By John Sonmez January 27, 2014

There Is No Better Indicator of Success Than Quantity

The best way to guarantee success in almost any pursuit is to be prolific. Not all successful people are prolific, but almost all prolific people–regardless of vocation–are successful.

When you take so many swings at the ball, it is hard to not eventually hit a home run.

Unbalanced rewards

Rewards are unfairly skewed towards the top.

I used to be addicted to playing poker tournaments online. I would spend countless hours in the evenings with multiple poker tables open, happily clicking away as I could hear the mechanical chk chk chk of the computerized dealer dealing me out hand after hand.

poker

A typical breakdown of a poker tournament prize pool goes something like this:

  • 1st place = 25%
  • 2nd place = 15%
  • 3rd place = 10%
  • 4th and lower = remaining 50%

Half of all the money goes to the top 3 places. A quarter of it goes to 1st place.

In a poker tournament, you want to win first place.

This same kind of payout structure exists in many areas of life. You see it everywhere you look. 1st place gets the big bucks, the endorsement deals, and a unfair share of the glory. 2nd place and lower get much less.

As Ricky Bobby says, “If you ain't first you're last.”

Because so much of life is weighted to give those who end up on top a lion's share of the bounty, it makes much more sense to take a lot of big swings than it does to take a few little swings.

Keep swinging that bat as hard as you can, and even if you have your eyes closed, you are bound to eventually connect with the ball, and when you do you are going to knock it right out of the park.

Rarely when you find someone who is wildly successful, do you find them taking small carefully calculated conservative steps, instead you find them wildly flailing in every direction until success just walks right into one of their haymakers.

Some examples

One of the most famous examples of prolific people who produce amazing results is Thomas Edison. (By the way, if you don't know what prolific means, it basically means producing a lot.)

Thomas Edison had 1,093 US patents in his name. That means he basically invented a new thing every single day for the equivalent of 3 years. Imagine waking up every morning and filing a patent for 3 years–talk about being productive.

Here is another example. You've probably heard of the famous romance and fiction novelist Nora Roberts. Any guesses to how many books she has written?

She has written over 208 novels. Not blog posts, not eBooks–novels.

She doesn't use a ghostwriter. She doesn't have a research assistant. She does it all herself and she publishes about 5 complete novels a year. I can't even imagine writing that much.

Want to know how many blind swings Nora Roberts took before she knocked one out of the park?

Well, she got rejection letters for her first 6 books and got her first book published in 1981. From 1982 till 1984 she wrote 23 novels which were published and she didn't make the New York Times Best Seller List until 1991 when she had already produced close to 100 novels–that is a whole lot of swinging.

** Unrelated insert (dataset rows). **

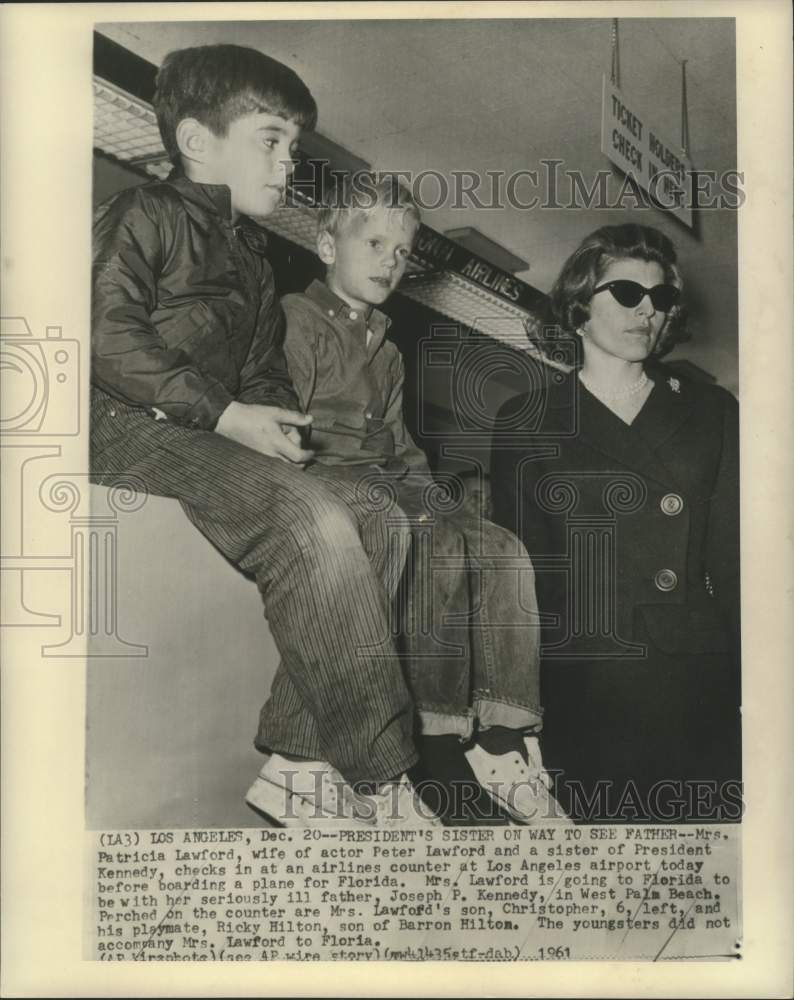 Load image into Gallery viewer, 1961 Press Photo Mrs. Patricia Lawford at Airlines Counter at Los Angeles
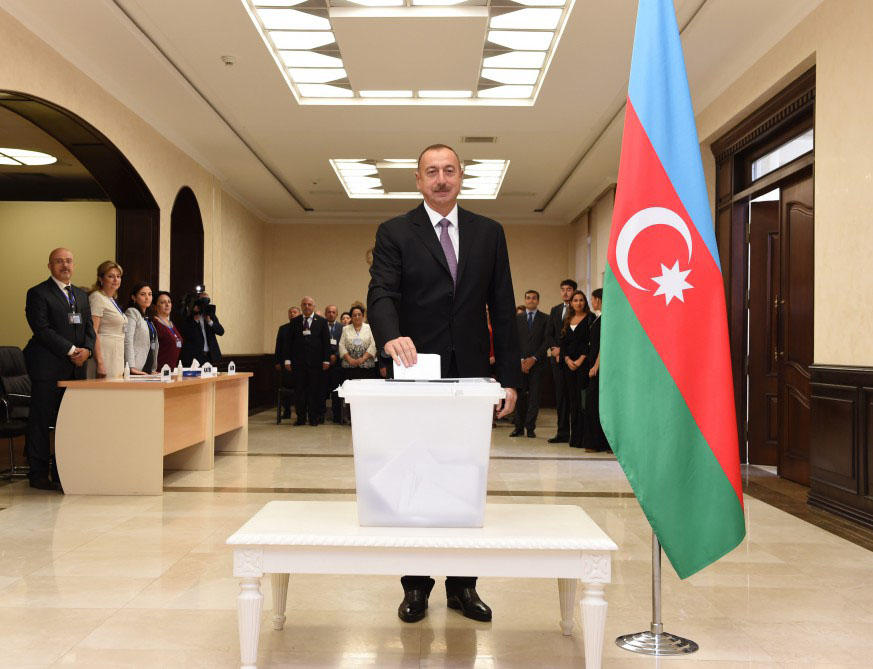 Prezident İlham Əliyev və xanımı Bakıdakı 6 saylı seçki məntəqəsində səs veriblər (YENİLƏNİB) (FOTO)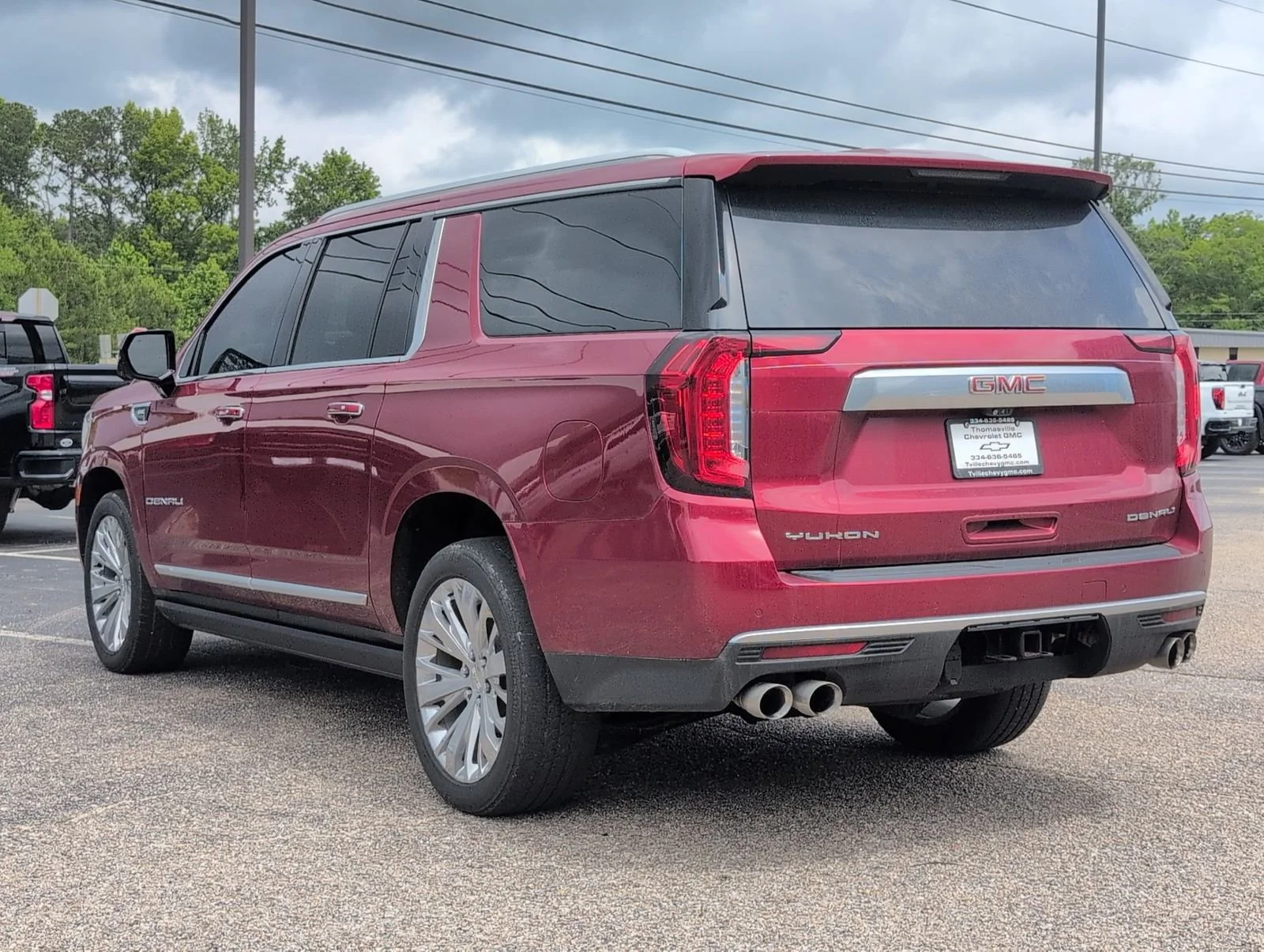 Used 2021 CAYENNE RED TINTCOAT GMC Denali image 3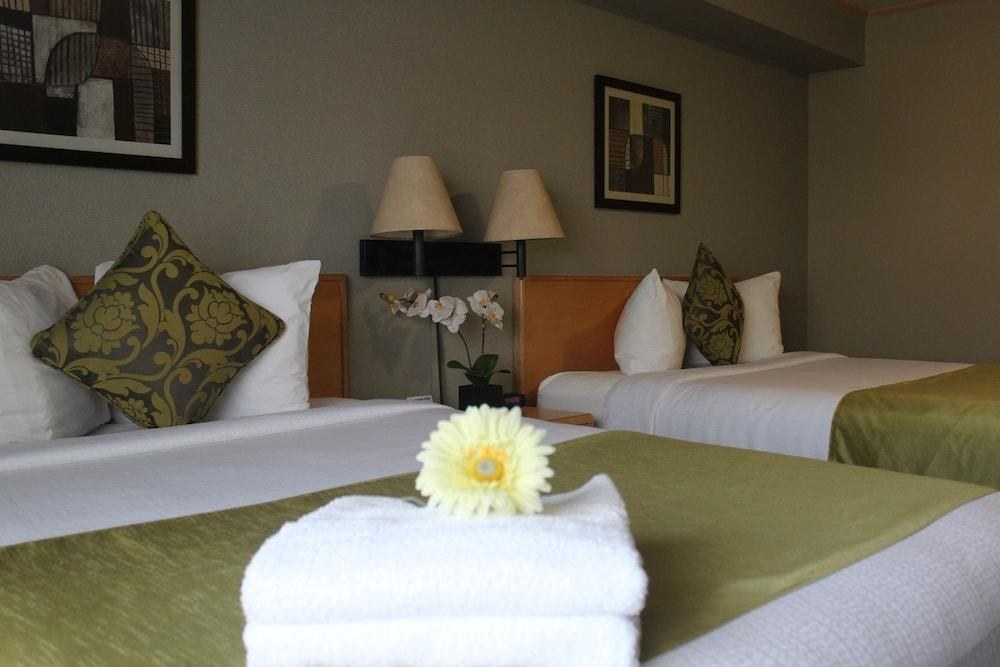 Travelodge by Wyndham Fort McMurray photo 2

Now, every single novel she has published since 1999 has been a New York Times bestseller.

I want you to stop and think for a minute about how many authors or would-be-authors write one book or two books or even 10 books and give up. Think about it. If it took Nora Roberts almost a hundred tries to hit a home-run, why do so many people think they can do it in one?

I used to be lazy

I used to produce almost nothing. Weeks would go by and I would have no real tangible asset which I produced. During those times in my life, I wasn't a failure, but I wasn't going anywhere. I was just sort of floating in the pond.

But, one day something changed. I can't quite tell you what it was, but something lit a fire under my ass. I started being productive. I turned off the TV, put the XBox controller down and started producing instead of just consuming.

I went to work and I tried to see how many backlogs I could get done in a day. I got home and wrote blog posts and created Android apps. Everyday I was doing something. Everyday I was taking big swings and stepping into them–hard.

Then one day, crack–my bat connected with something.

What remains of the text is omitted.